# Exercise objective:
In your copy, leave out the pictures; write out all the data exactly.

# Input for this task:
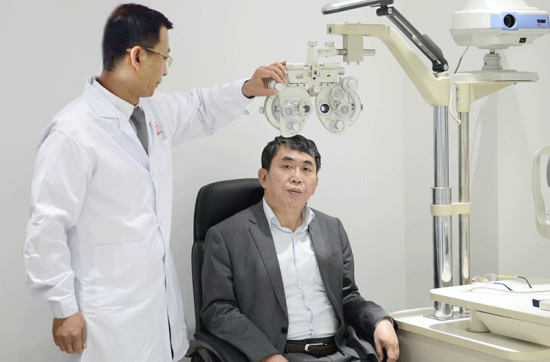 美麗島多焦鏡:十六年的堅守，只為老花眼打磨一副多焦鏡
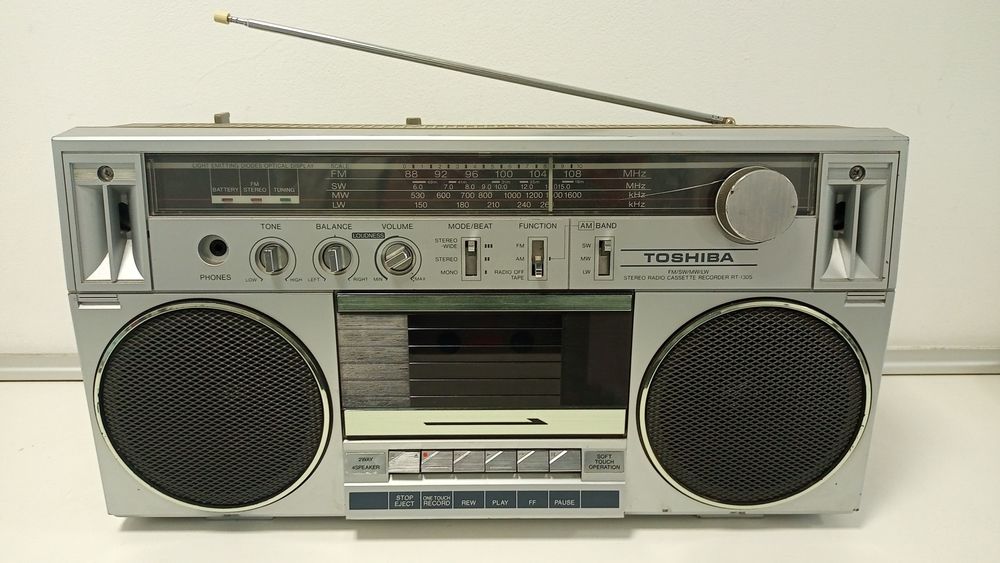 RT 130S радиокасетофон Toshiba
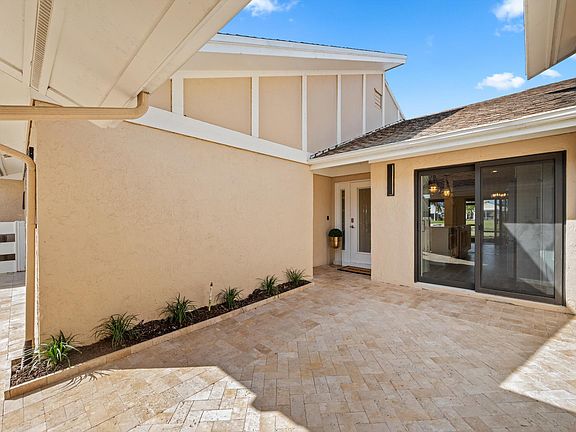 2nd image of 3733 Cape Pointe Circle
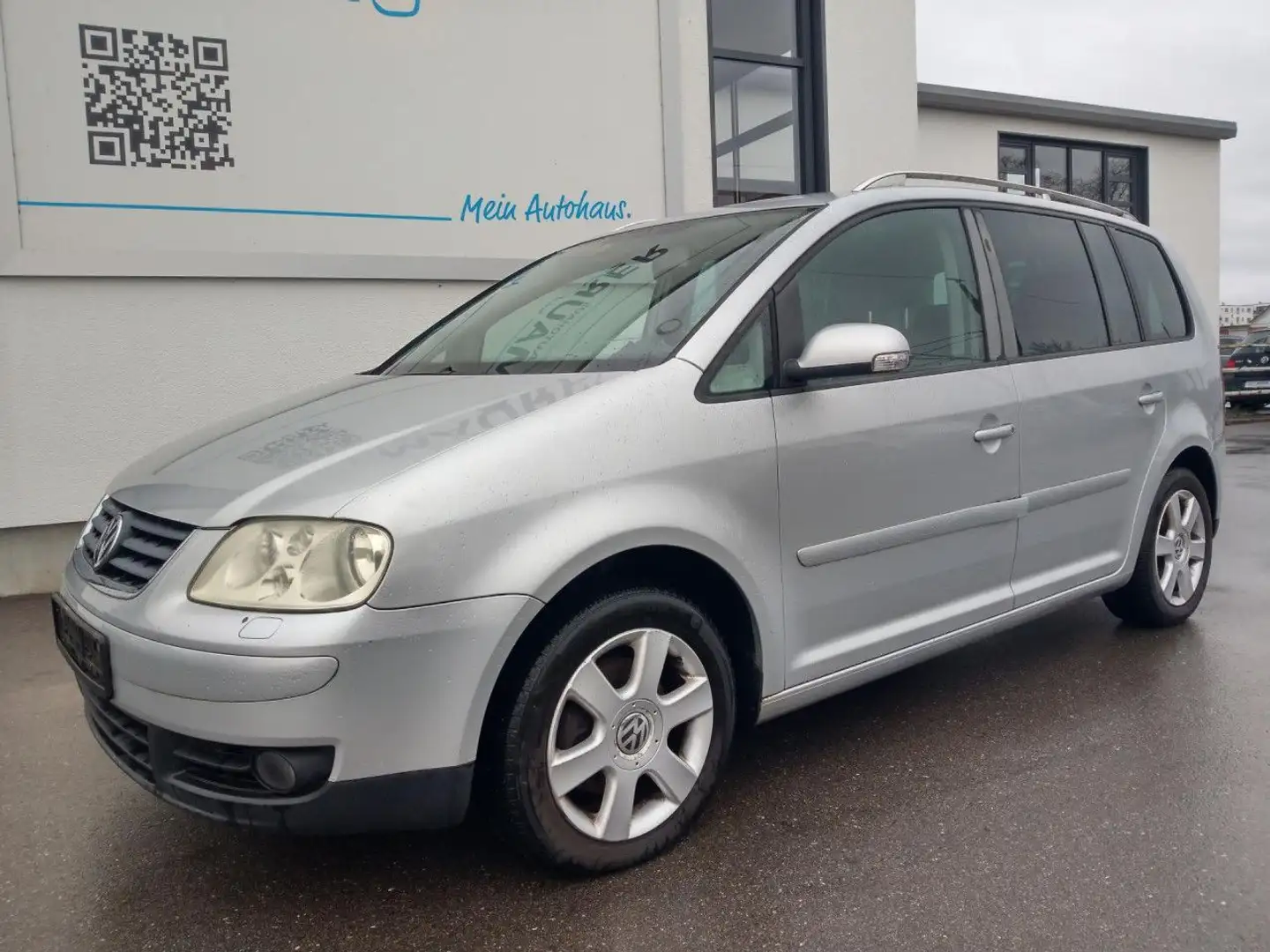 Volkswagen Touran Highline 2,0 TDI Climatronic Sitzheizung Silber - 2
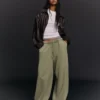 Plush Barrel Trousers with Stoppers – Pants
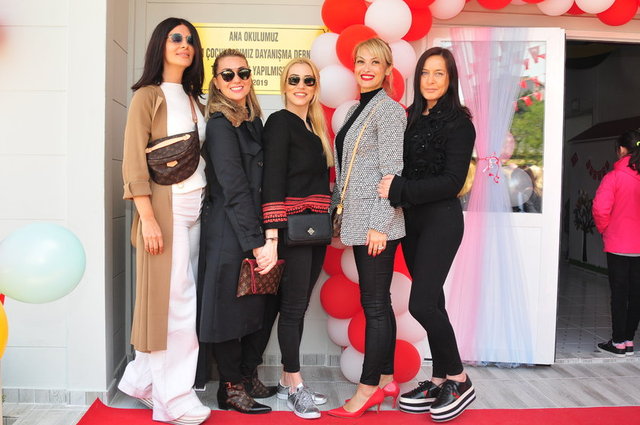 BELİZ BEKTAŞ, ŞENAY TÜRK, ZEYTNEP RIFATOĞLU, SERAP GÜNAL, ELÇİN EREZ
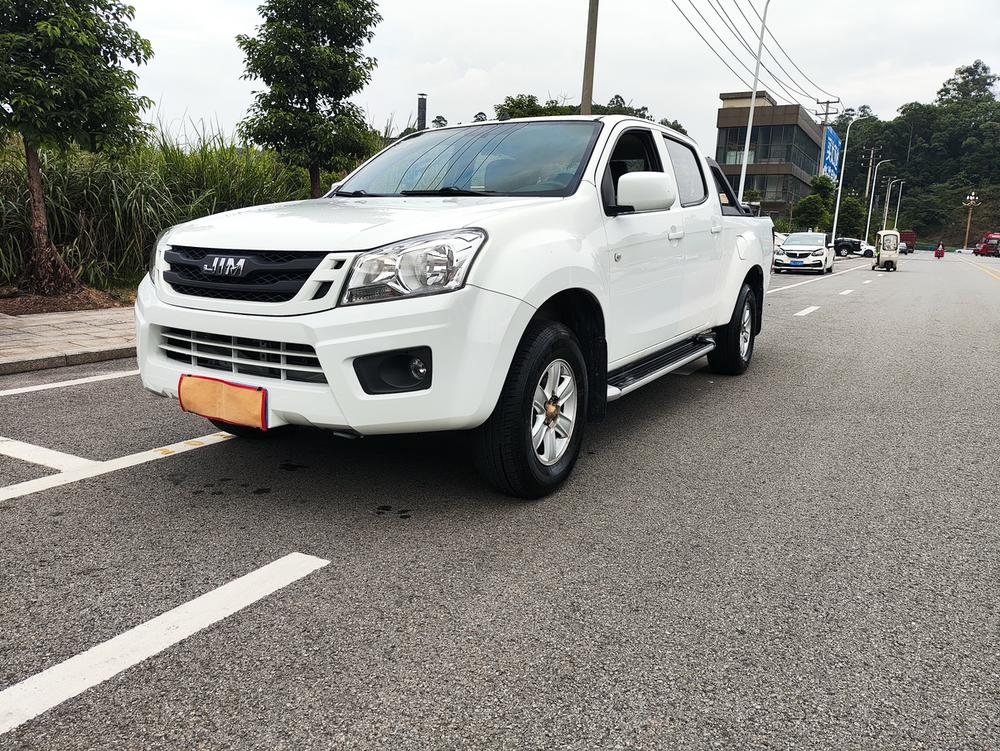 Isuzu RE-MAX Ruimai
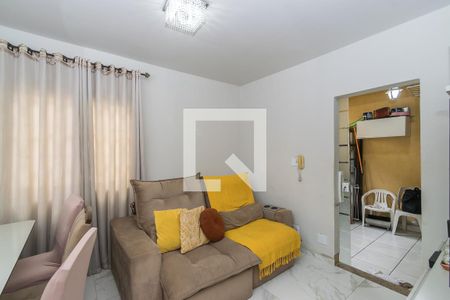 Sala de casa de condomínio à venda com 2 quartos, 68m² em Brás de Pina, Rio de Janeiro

# Task output:
 美麗島多焦鏡:十六年的堅守，只為老花眼打磨一副多焦鏡
 RT 130S радиокасетофон Toshiba
 2nd image of 3733 Cape Pointe Circle
 Volkswagen Touran Highline 2,0 TDI Climatronic Sitzheizung Silber - 2
 Plush Barrel Trousers with Stoppers – Pants
 BELİZ BEKTAŞ, ŞENAY TÜRK, ZEYTNEP RIFATOĞLU, SERAP GÜNAL, ELÇİN EREZ
 Isuzu RE-MAX Ruimai
 Sala de casa de condomínio à venda com 2 quartos, 68m² em Brás de Pina, Rio de Janeiro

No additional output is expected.